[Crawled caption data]
[Start of Attachment]
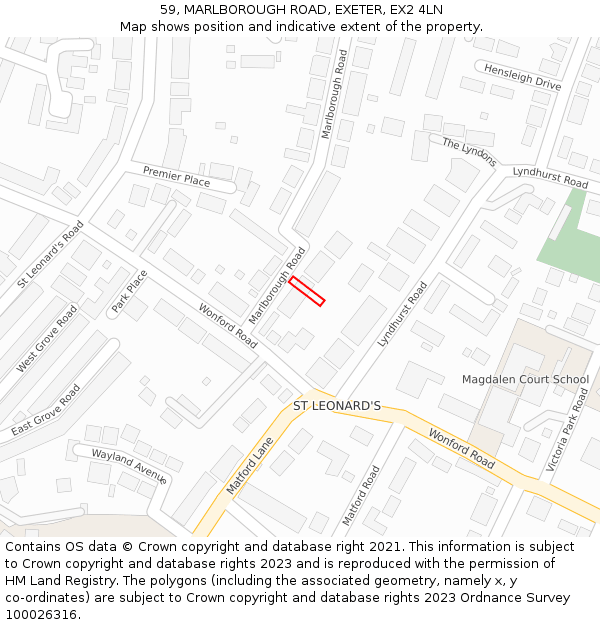 59, MARLBOROUGH ROAD, EXETER, EX2 4LN: Location map and indicative extent of plot
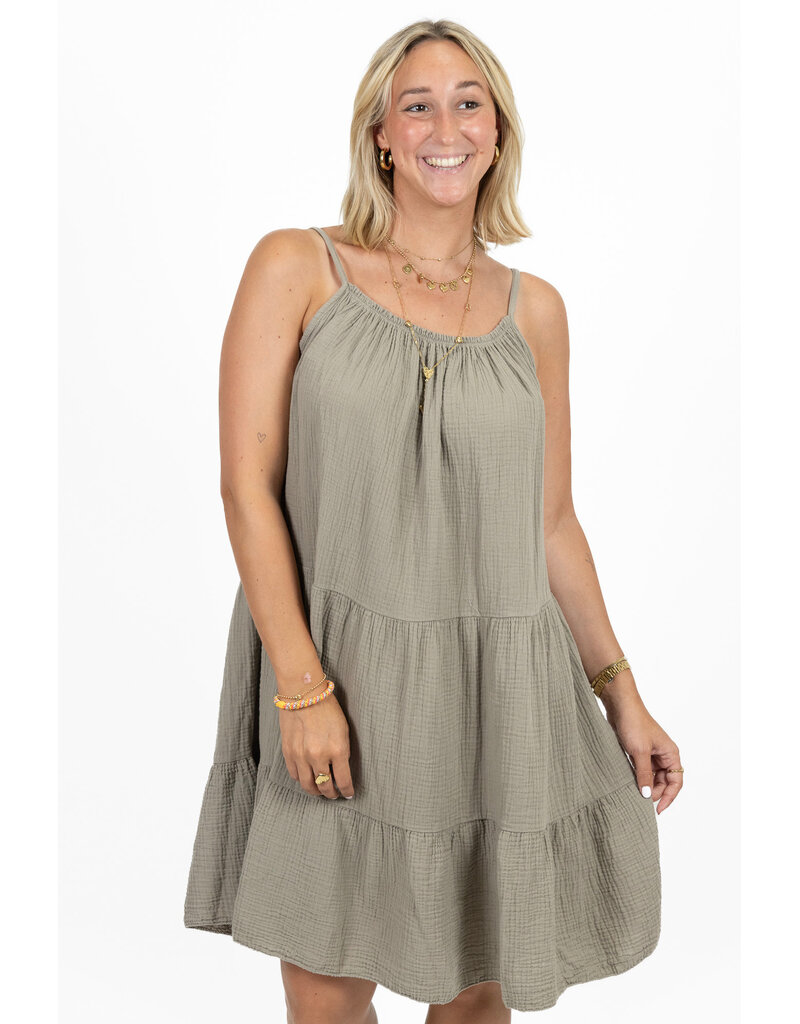 21Jewelz Mousseline zomer jurkje - taupe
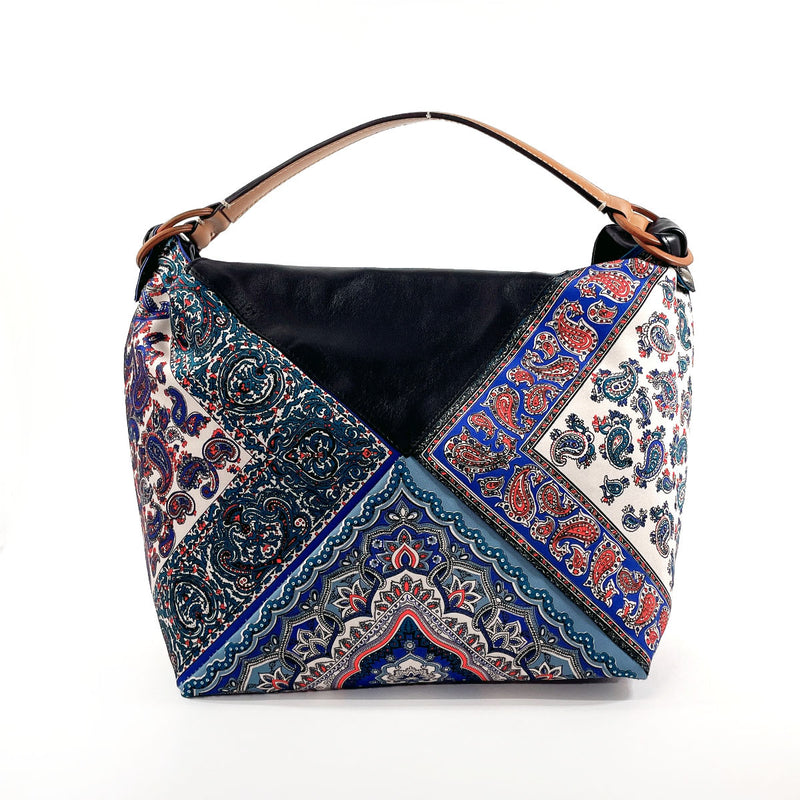 ETRO Shoulder Bag Paisley Tassel Nylon/leather blue Women Used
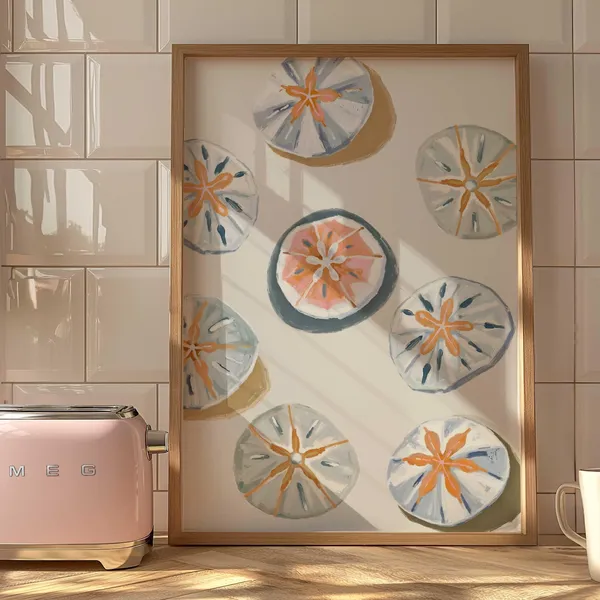Sand Dollars Painting, Abstract Coastal Art Print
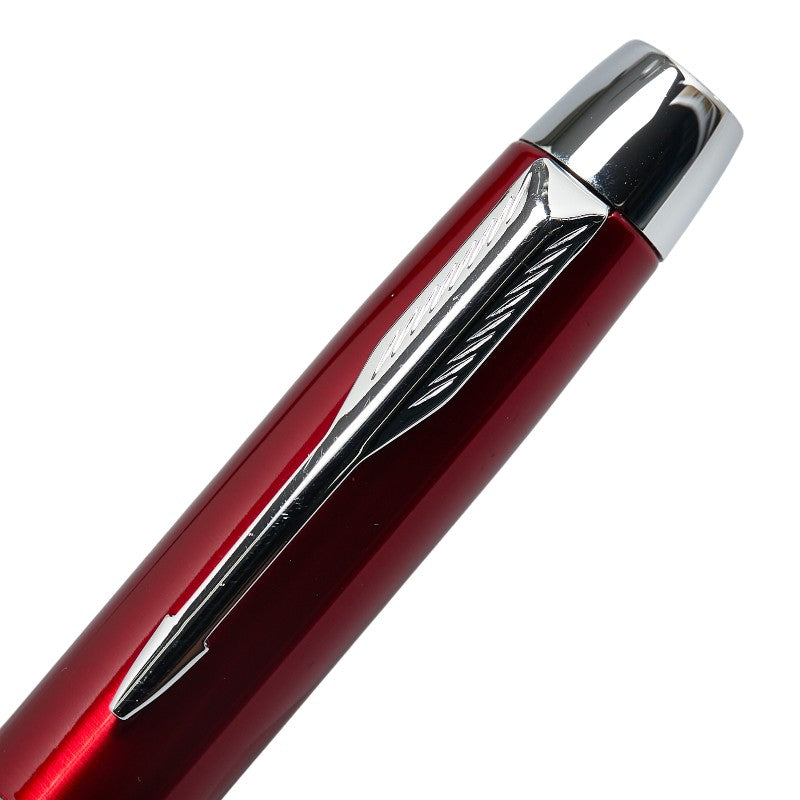 Parker Logo Red Stainless Steel Fountain Pen in Very Good Condition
[End of Attachment]
Work to be completed
A word-for-word restatement of all the lines above is needed, with the pictures omitted.

Reply
 59, MARLBOROUGH ROAD, EXETER, EX2 4LN: Location map and indicative extent of plot
 21Jewelz Mousseline zomer jurkje - taupe
 ETRO Shoulder Bag Paisley Tassel Nylon/leather blue Women Used
Sand Dollars Painting, Abstract Coastal Art Print
 Parker Logo Red Stainless Steel Fountain Pen in Very Good Condition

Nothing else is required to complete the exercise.